Sunday, May 6, 2012

Time to "Do Nothing"

How often do we allow ourselves time to “do nothing”? When do you carve out space in your hurried schedule to sit or walk or reflect or play, without an agenda or an intended outcome? Regular practices of meditation or yoga or journaling – or even naps – are wonderful opportunities for rest, self-care, and self-reflection. In addition to these, I wonder about experiences of spontaneity, the choice to cast aside our routines and tasks lists and follow the whispers for whimsy in our everyday lives. When do you give yourself time – in your own home, in nature, on vacation, in a neighboring city, in the mind and soul of your creative impulse – to follow a random trail of your thoughts, feelings, and impulses and simply see what happens?  How often do you drive right off the map into unchartered territory for no reason whatsoever – except that you feel like it?

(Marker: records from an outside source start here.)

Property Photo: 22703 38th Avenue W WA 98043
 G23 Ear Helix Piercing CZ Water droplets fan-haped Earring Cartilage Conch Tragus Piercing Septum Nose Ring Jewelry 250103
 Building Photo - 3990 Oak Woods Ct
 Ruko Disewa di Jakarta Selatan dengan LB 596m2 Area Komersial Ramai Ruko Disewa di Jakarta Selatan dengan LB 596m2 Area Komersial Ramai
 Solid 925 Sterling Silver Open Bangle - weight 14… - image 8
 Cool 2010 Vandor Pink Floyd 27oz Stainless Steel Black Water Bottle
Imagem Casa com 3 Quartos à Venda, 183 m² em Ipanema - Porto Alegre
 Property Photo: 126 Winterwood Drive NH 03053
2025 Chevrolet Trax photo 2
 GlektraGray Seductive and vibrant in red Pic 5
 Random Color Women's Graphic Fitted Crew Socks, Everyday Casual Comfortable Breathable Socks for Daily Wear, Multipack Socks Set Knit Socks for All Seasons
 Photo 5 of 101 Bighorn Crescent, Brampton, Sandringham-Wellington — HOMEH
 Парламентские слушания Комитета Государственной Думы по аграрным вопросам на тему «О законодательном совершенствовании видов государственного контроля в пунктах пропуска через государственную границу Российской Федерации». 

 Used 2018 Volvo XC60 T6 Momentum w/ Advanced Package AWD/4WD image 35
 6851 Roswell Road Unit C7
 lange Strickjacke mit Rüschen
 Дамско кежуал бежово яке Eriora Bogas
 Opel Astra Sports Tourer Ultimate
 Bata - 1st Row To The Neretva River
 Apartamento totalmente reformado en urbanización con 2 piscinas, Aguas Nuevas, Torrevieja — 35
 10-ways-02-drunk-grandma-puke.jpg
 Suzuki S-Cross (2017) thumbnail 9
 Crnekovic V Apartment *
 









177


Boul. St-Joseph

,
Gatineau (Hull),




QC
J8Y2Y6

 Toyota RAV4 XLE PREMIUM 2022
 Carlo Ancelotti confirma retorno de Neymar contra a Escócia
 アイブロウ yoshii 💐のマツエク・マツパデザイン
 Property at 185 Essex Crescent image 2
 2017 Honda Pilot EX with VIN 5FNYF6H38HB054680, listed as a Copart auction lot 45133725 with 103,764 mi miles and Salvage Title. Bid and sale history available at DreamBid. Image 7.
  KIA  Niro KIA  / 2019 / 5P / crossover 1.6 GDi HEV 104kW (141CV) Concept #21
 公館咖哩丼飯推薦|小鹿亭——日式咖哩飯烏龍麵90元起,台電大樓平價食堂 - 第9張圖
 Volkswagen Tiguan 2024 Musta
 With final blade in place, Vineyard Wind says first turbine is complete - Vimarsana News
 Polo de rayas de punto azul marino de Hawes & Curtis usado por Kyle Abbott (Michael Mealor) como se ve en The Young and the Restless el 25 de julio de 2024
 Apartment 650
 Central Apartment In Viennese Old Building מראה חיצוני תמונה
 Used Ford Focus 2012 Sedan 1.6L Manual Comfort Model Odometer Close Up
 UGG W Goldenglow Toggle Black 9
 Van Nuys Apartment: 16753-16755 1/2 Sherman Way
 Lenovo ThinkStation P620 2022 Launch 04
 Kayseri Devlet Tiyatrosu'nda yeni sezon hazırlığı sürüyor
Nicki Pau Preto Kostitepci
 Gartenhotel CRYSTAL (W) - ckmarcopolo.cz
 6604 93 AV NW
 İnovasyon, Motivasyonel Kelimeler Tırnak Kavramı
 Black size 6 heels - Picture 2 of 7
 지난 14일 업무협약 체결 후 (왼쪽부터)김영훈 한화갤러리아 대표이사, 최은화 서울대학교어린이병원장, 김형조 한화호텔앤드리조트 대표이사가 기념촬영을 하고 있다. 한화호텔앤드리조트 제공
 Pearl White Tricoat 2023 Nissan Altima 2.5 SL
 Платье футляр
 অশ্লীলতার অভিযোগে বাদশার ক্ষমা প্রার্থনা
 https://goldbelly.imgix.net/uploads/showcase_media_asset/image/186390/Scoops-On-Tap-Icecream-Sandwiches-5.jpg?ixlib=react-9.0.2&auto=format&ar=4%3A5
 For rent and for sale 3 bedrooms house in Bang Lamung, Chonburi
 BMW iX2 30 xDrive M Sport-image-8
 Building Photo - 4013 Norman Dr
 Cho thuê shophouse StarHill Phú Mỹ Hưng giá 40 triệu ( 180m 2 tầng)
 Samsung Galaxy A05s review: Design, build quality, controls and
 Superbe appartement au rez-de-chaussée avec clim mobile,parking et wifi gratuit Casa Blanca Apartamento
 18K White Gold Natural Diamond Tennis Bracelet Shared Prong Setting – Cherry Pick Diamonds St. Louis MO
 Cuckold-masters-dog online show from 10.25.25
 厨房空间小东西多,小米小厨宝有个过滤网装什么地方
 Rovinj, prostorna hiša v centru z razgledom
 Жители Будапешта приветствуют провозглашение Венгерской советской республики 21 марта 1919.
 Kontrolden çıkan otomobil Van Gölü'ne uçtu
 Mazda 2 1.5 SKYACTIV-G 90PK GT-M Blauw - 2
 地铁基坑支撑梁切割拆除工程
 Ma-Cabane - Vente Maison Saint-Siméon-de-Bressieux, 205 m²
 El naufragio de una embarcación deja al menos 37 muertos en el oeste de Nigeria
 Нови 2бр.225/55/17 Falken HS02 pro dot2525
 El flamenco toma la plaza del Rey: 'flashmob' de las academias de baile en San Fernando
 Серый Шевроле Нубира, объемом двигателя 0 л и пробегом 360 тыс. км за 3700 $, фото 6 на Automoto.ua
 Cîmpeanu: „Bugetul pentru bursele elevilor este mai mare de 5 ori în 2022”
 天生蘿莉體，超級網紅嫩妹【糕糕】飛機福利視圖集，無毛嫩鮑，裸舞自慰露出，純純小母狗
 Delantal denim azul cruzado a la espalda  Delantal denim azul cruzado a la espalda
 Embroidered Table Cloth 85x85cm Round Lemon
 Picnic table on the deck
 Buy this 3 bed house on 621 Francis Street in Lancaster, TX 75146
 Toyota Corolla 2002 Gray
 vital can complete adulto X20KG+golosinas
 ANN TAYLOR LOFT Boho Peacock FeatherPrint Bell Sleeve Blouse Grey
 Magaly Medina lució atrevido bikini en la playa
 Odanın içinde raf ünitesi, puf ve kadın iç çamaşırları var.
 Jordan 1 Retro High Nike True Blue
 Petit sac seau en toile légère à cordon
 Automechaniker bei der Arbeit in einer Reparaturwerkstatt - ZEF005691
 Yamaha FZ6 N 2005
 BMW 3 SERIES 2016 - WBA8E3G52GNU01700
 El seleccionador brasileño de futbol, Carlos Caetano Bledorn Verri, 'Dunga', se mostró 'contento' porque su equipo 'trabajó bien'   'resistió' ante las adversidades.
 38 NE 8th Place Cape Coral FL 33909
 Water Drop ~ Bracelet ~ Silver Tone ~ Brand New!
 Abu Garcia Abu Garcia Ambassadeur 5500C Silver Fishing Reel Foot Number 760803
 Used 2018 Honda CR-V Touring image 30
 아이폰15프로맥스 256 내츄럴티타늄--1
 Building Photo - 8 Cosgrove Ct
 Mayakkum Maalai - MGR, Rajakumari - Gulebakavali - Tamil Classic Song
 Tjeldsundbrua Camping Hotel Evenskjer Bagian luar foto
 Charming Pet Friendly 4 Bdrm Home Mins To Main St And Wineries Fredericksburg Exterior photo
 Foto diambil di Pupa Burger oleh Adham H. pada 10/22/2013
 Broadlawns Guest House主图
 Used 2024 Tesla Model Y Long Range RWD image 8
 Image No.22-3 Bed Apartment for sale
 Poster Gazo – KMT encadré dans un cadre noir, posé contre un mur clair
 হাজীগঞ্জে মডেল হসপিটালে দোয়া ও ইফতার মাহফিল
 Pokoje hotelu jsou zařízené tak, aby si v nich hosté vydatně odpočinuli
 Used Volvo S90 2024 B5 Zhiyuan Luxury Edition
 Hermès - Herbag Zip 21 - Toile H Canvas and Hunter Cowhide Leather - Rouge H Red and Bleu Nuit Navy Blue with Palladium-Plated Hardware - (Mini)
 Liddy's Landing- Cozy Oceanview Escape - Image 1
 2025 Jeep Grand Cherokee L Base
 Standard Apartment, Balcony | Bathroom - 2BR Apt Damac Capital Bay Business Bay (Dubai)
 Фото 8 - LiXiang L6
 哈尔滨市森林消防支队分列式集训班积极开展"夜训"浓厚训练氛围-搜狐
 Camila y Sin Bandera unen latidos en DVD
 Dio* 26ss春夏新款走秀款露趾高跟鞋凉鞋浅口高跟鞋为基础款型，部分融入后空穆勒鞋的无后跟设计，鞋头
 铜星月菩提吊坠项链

For me, I realize I don’t intentionally devote nearly as much time to this spontaneous experiencing as my heart desires. I remember, as a child growing up, how expansive time seemed. It seemed there were endless possibilities for play and adventure, limited only by the sun rising and falling in the sky and the occasional steady rain that drove us indoors.  I remember fondly how we would play detective games in which everything we noticed was another clue revealing itself, moving us a step closer to solving the mystery at hand.

Today, I continue to embrace a sense of mystery, continue to find people and nature and the universe endlessly fascinating.  I cherish those moments during which I allow myself to step out from behind the driver’s seat and to look for “clues” to the questions that excite and haunt me.  I love noticing numbers – and looking up what significance they may have. When an animal or bird catches my attention (e.g. spotting a red fox or a skunk in my yard or seeing Canadian Geese on my drive into work), I enjoy reading about possible symbolism, exploring the idea of animals as messengers along my journey.  Sometimes I embrace the random in even simpler ways, such as setting my ipod to “shuffle” and letting the music lead me where it may.

Nothing enchants me like the promise of entire day without anything planned. When people ask me, “What are your plans for the weekend?” and I respond with “Nothing,” they may notice my smile and the twinkle in my eye.  I love that “nothing” can become anything at all. Instead of accepting societal biases that label down time as unessential or doing “nothing,” I wonder if, instead, the time we devote to “nothing” may actually be the very zest of life.